* **What is required**
A word-for-word copy of the lines below, starting at the line with "Veto Pro Pac" and ending at the last one, is what you should give. Omit every picture.

* **Data under study**

■ ■ ■ ■

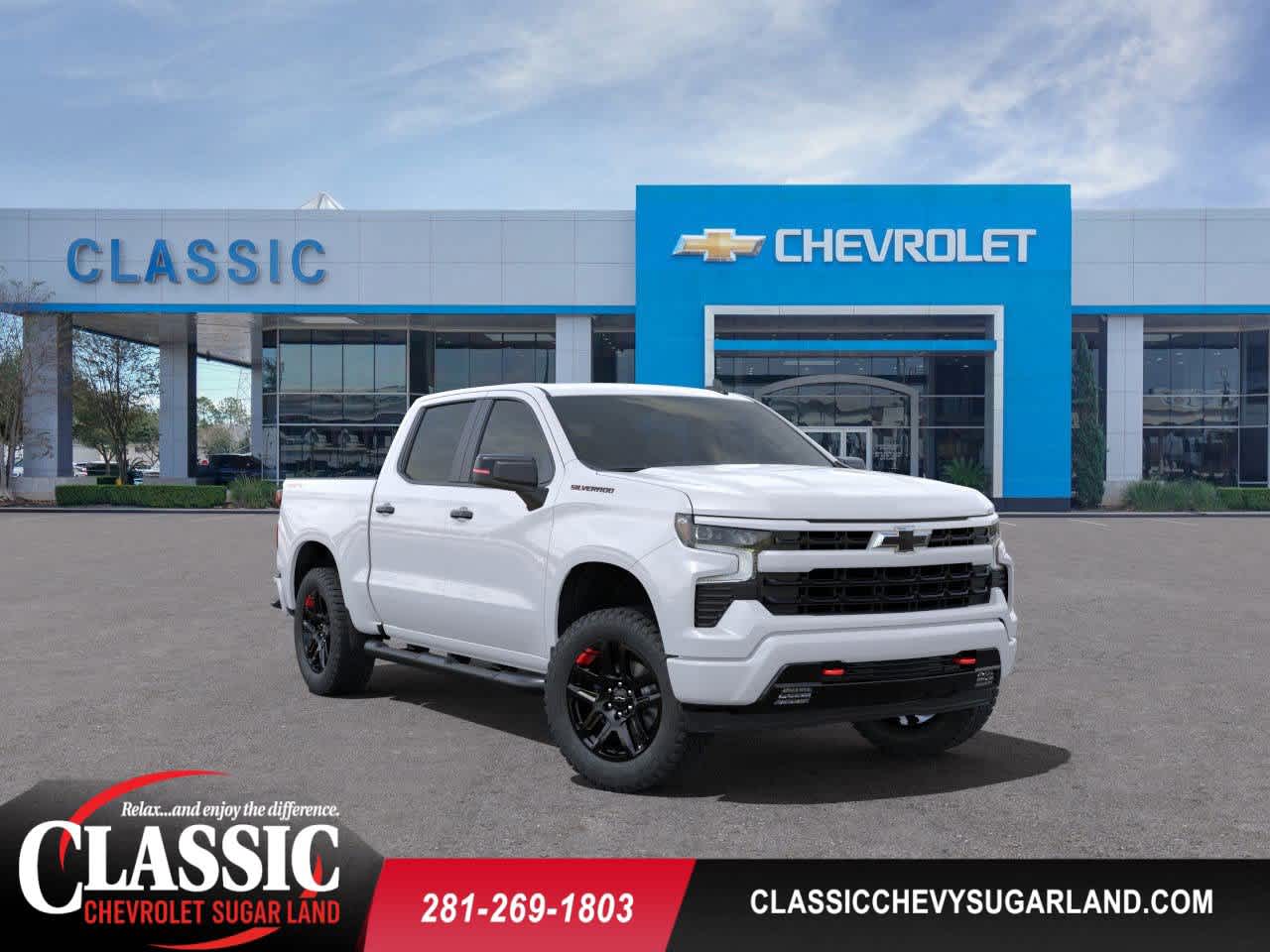 2024 Chevrolet Silverado 1500 RST 4WD Crew Cab 147 1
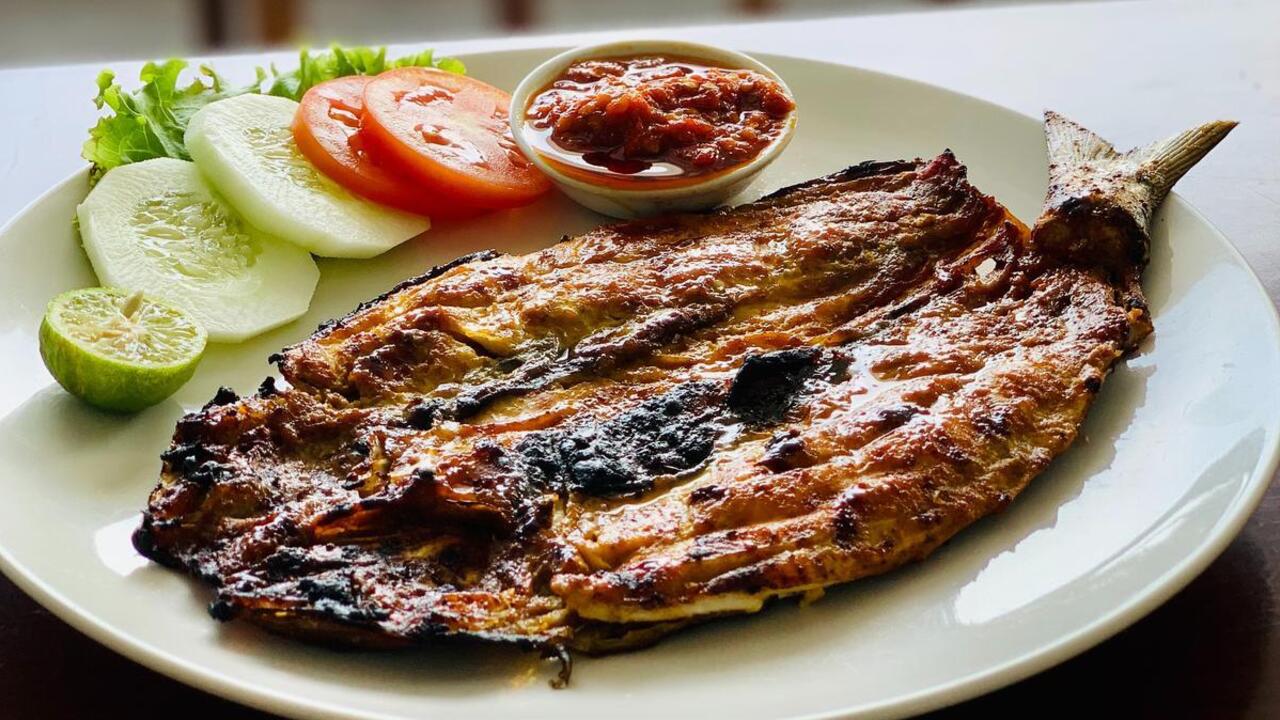 Bandeng Bakar : Kuliner Khas Nusantara yang Kian Mendunia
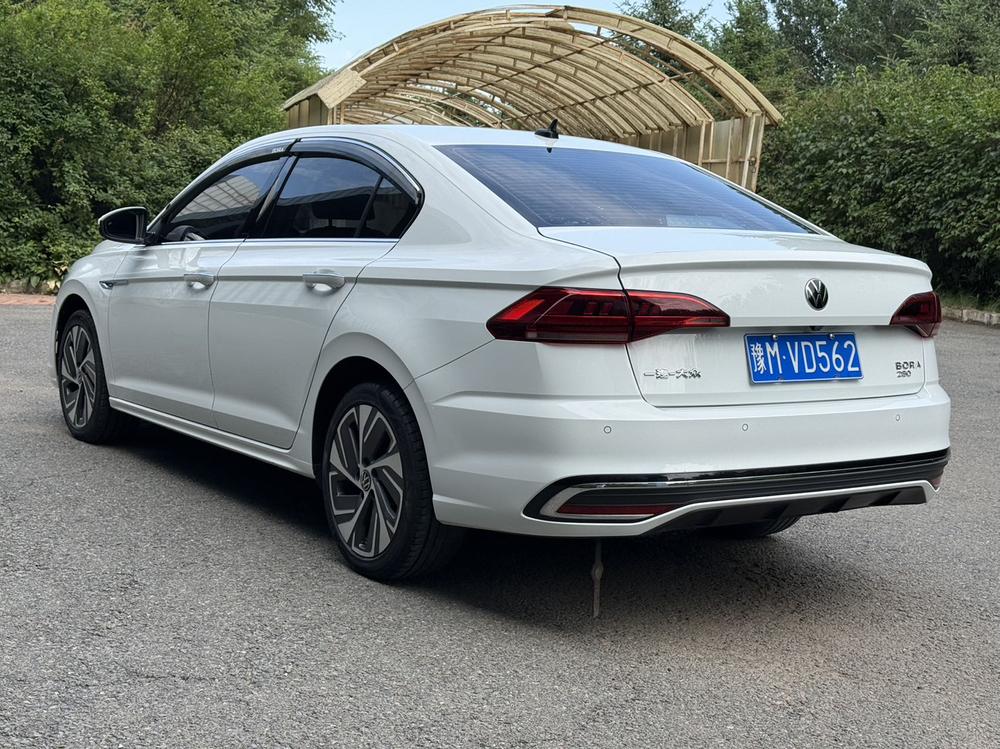 Volkswagen Bora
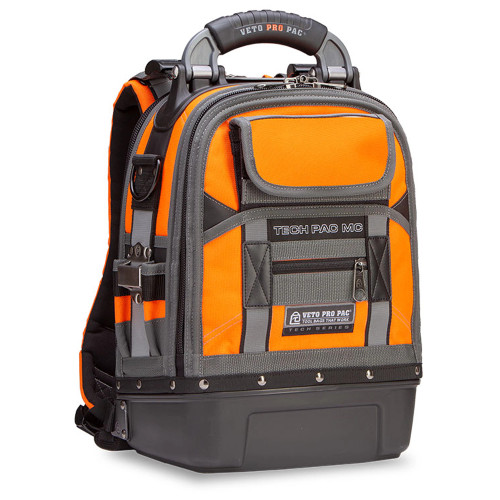 Veto Pro Pac Tech Pac MC Hi-Viz Backpack - Orange image
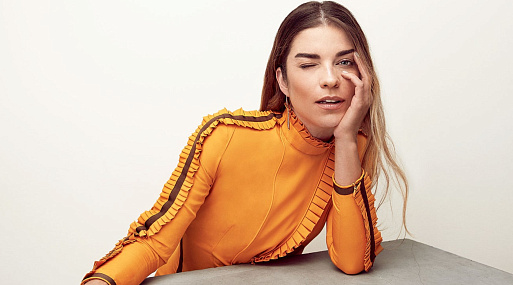 Энни Мёрфи присоединяется к драме «Девять совсем незнакомых людей»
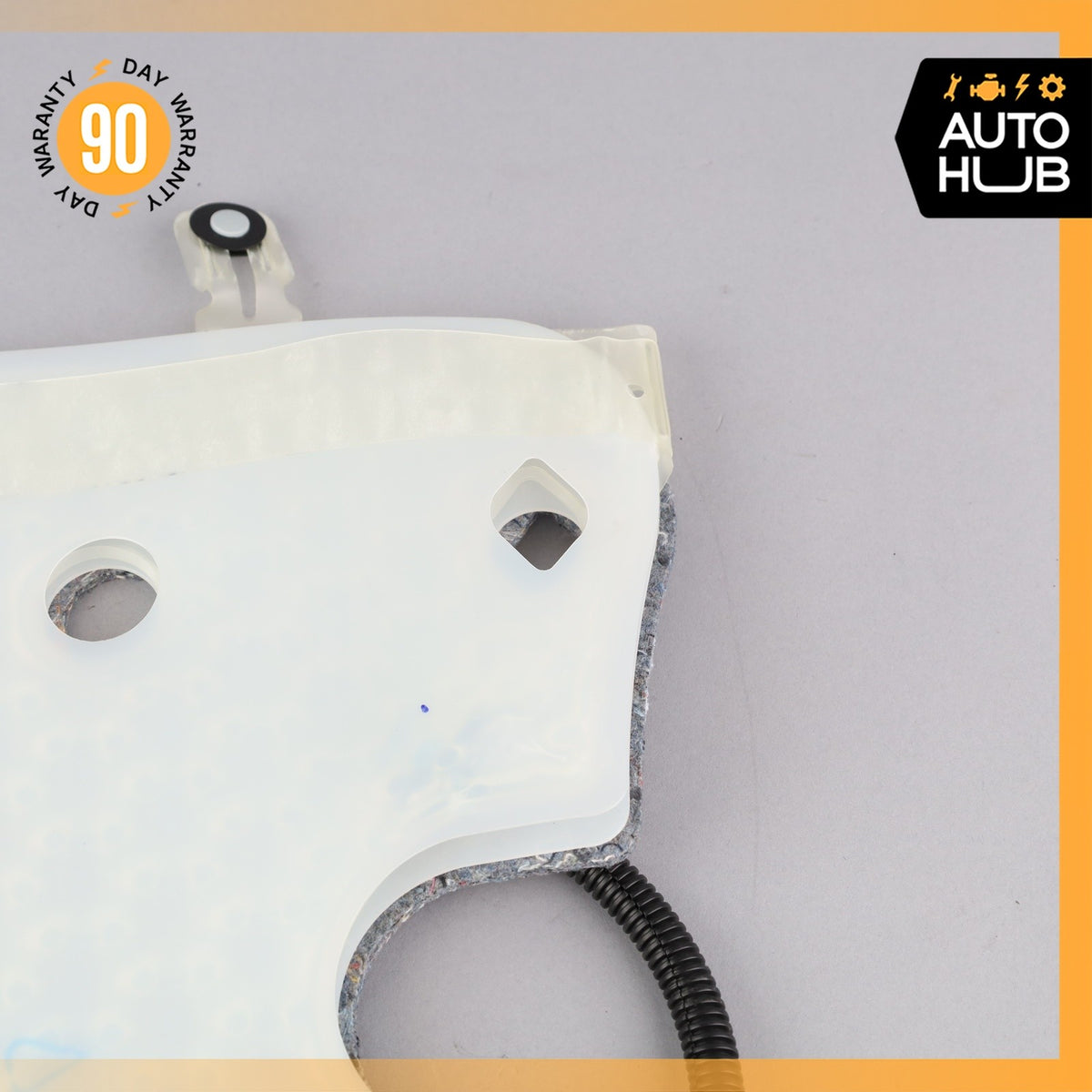 10-16 Mercedes W212 E350 E550 E400 Seat Occupancy Sensor SRS Mat OEM - photo 3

■ ■ ■ ■

* **Answer space**
 Veto Pro Pac Tech Pac MC Hi-Viz Backpack - Orange image
 Энни Мёрфи присоединяется к драме «Девять совсем незнакомых людей»
 10-16 Mercedes W212 E350 E550 E400 Seat Occupancy Sensor SRS Mat OEM - photo 3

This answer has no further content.